Born into a wealthy family from New York, Franklin Delano Roosevelt entered political life as a member of the Democratic Party and rose to prominence quickly due to his strong leadership skills, money, and family connections. During his first term as president of the United States, he introduced his “New Deal” domestic agenda to stem the tide of the growing national economic depression sweeping the country. Throughout the years, he managed to win a wide base of popular support thanks to his policies aimed at helping the most vulnerable American citizens, from poor farmers to jobless urban professionals. Roosevelt tried to bring economic balance to American society, making sure nobody was left behind. He supported labor and social welfare programs for the disadvantaged and emphasized the need for a fair wealth distribution in the country.

During his lengthy four-term administration, Roosevelt was the leader who helped the United States overcome a series of historical crises, from the Great Depression to the Pearl Harbor attack and World War II. His diplomatic tact and his resilience in the face of adversity put him in the pantheon of the United States’ greatest political leaders.

Chapter 1 - Early Life and Education

If civilization is to survive, we must cultivate the science of human relationships—the ability of all peoples, of all kinds, to live together, in the same world at peace.” – Franklin D. Roosevelt

Franklin Delano Roosevelt, or FDR as he would come to be known, was born on January 30, 1882, at Springwood, his family’s lavish estate in Hyde Park, New York. His father, James Roosevelt, a railroad executive, was from a wealthy New York family. He had a degree from Harvard Law School but never practiced law as he received a generous inheritance from his grandfather in his early adulthood. Franklin’s mother, Sara Ann Delano, was also from an old and wealthy New York family and twenty-six years junior to her husband. She was James’s second wife. Franklin spent his childhood between Springwood and the family’s second home in New York City. He had a happy and carefree childhood, despite the overprotective tendencies of his parents. His mother, especially, exerted a great influence on his life. Although she was very possessive, Franklin managed to appease her when she opposed his decisions, and they had a close relationship.

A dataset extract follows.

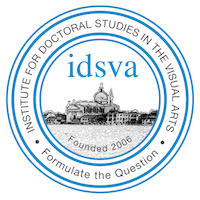 Institute for Doctoral Studies in the Visual Arts (IDSVA)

In his early childhood, Franklin received private education from tutors and governesses. The Roosevelt family also traveled extensively to Europe every year, which gave Franklin the opportunity to learn conversational French and German. In 1896, at age 14, he entered Groton School, a private boarding school in Massachusetts, where he escaped his mother’s overshadowing authority but found a different type of regimentation in the rigid environment of the school. He found there his first mentor in Endicott Peabody, the school’s headmaster, who remained a close friend and advisor over many years. In 1900, young Roosevelt enrolled at Harvard College, and in December of that year, his father died at the age of 72.

Figure – Franklin Roosevelt at age 11.

Although he did not excel as a student, Roosevelt became well-known among his peers at Harvard and had an active social life, cultivating close relationships with Boston’s elite. His strong leadership skills became evident when he was chosen as editor-in-chief of the Harvard Crimson, the daily campus newspaper. During this period, his fifth cousin, Theodore Roosevelt, whom he greatly admired, became president of the United States.

While at Harvard, Franklin started to date one of his distant cousins, Anna Eleanor Roosevelt, an intelligent and affectionate woman who had grown up in a wealthy family just as Roosevelt himself had. Their relationship progressed quickly, but when they started to consider marriage, Franklin’s mother fiercely opposed the idea. Despite Sara’s repeated attempts to break off the engagement, Franklin married Eleanor on March 17, 1905, in New York City. The couple had six children, one of whom died as an infant. Sara Roosevelt remained as possessive of her son as ever, and this caused discord in the family since the young couple had moved in with her at Springwood.

Roosevelt left Harvard in 1903, with a degree in history, and continued his studies at Columbia Law School in New York City. Although he did not particularly enjoy the study of law, he continued on this path long enough to pass the bar examination in 1907.

Chapter 2 - Early Political Career

The only limit to our realization of tomorrow will be our doubts of today.” – Franklin D. Roosevelt

After winning admission to the bar, Roosevelt began to practice law at a major Wall Street firm, specializing in admiralty law division. He had never expressed political ambitions, but as he gained a growing disdain for law practice, he started to seriously consider politics. Due to Theodore Roosevelt’s reputation as one of the most influential Republican politicians, the Democratic Party considered recruiting Franklin in an attempt to add to their prestige. Their idea was not far-fetched because, while he looked up to his cousin Theodore Roosevelt, he was more inclined to follow in the footsteps of his father, who had been a member of the Democratic Party.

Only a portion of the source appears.